#### What you should do:
Would you repeat the listing below verbatim and drop the images?

#### Source material:
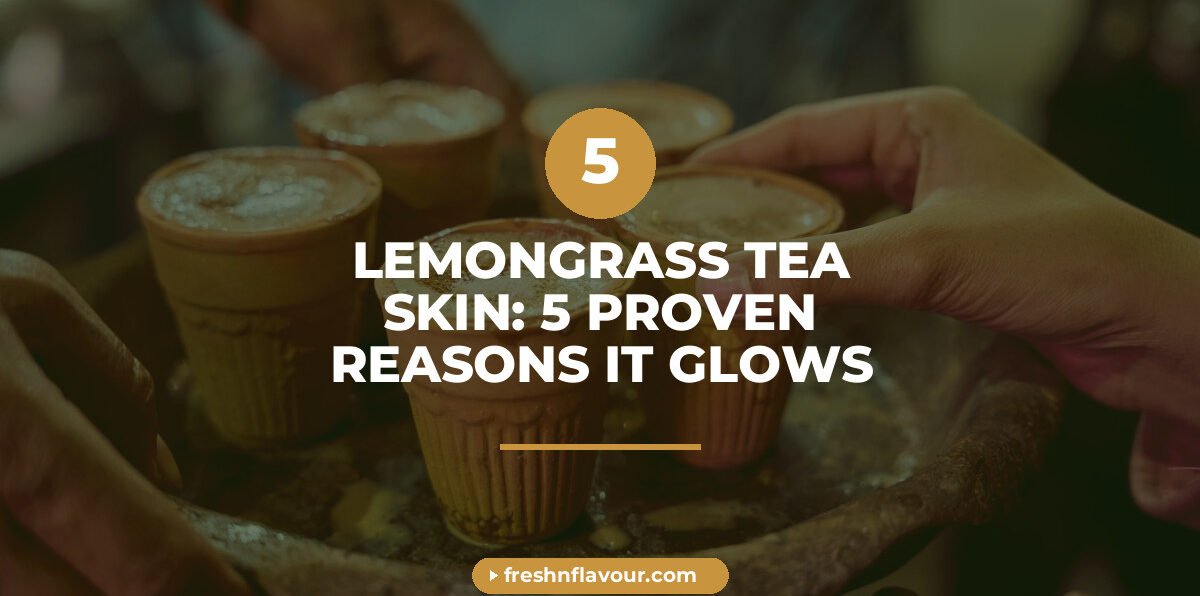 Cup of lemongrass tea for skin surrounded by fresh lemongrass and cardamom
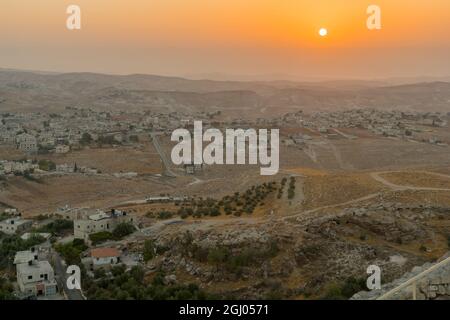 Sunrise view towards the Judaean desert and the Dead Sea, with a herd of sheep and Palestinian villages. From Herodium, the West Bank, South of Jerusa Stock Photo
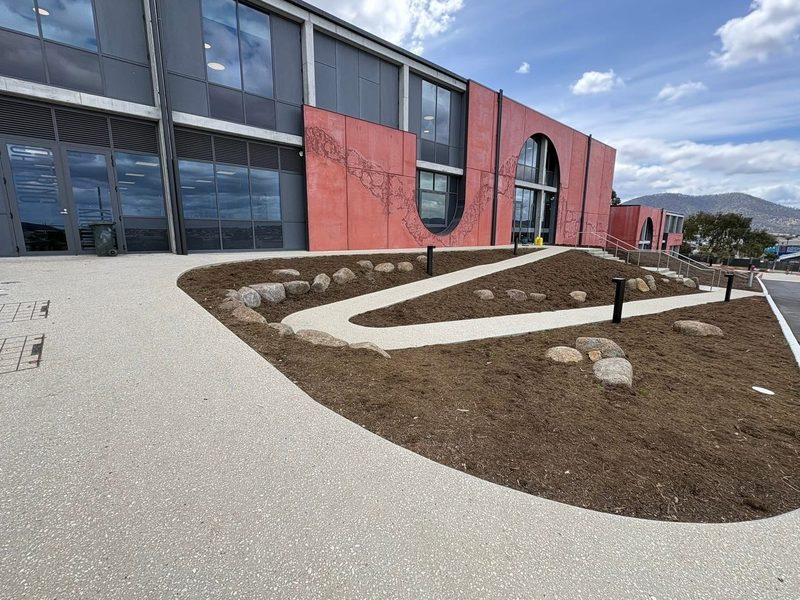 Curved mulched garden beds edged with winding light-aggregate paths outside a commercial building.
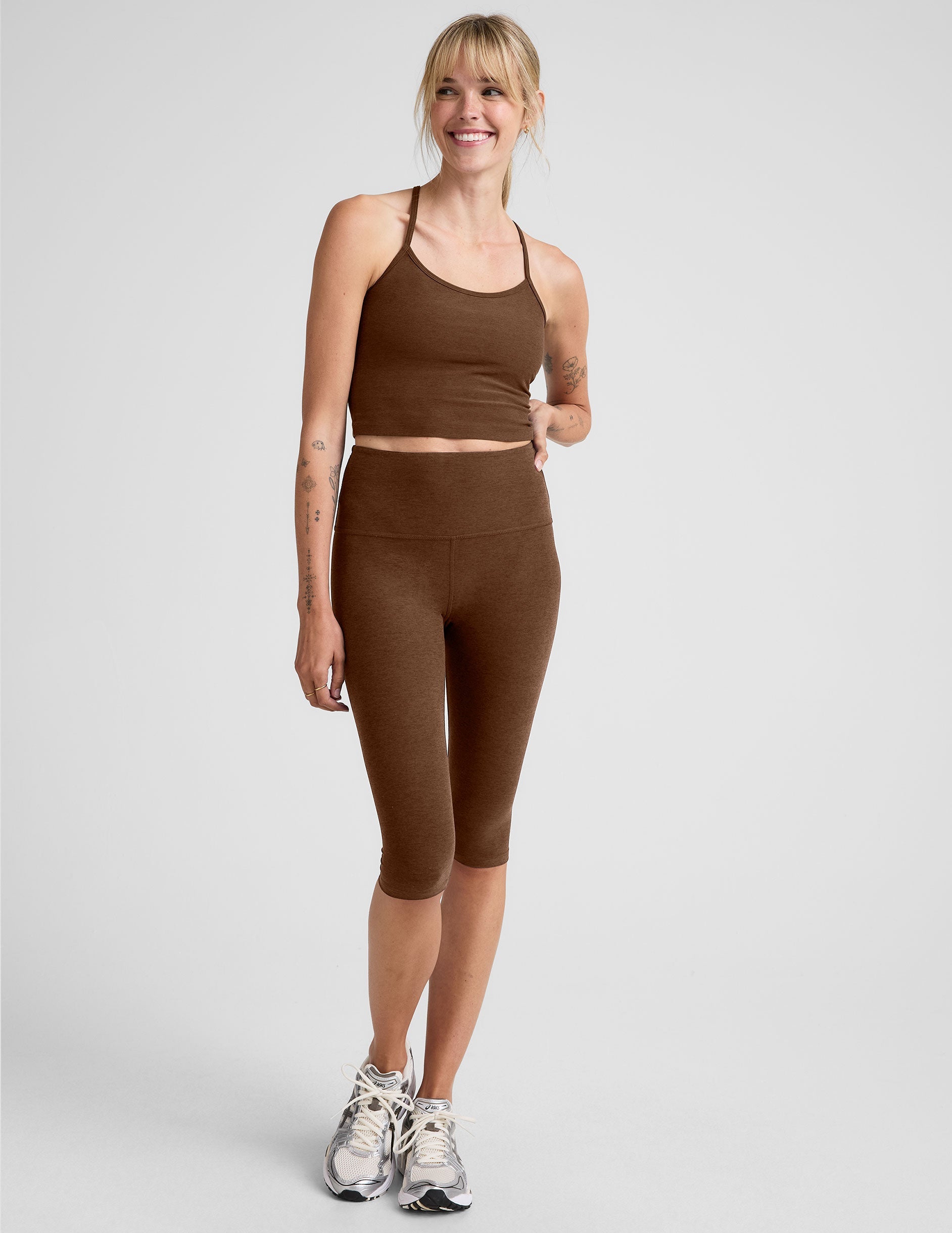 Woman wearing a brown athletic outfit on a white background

#### Output of the exercise:
 Cup of lemongrass tea for skin surrounded by fresh lemongrass and cardamom
 Sunrise view towards the Judaean desert and the Dead Sea, with a herd of sheep and Palestinian villages. From Herodium, the West Bank, South of Jerusa Stock Photo
 Curved mulched garden beds edged with winding light-aggregate paths outside a commercial building.
 Woman wearing a brown athletic outfit on a white background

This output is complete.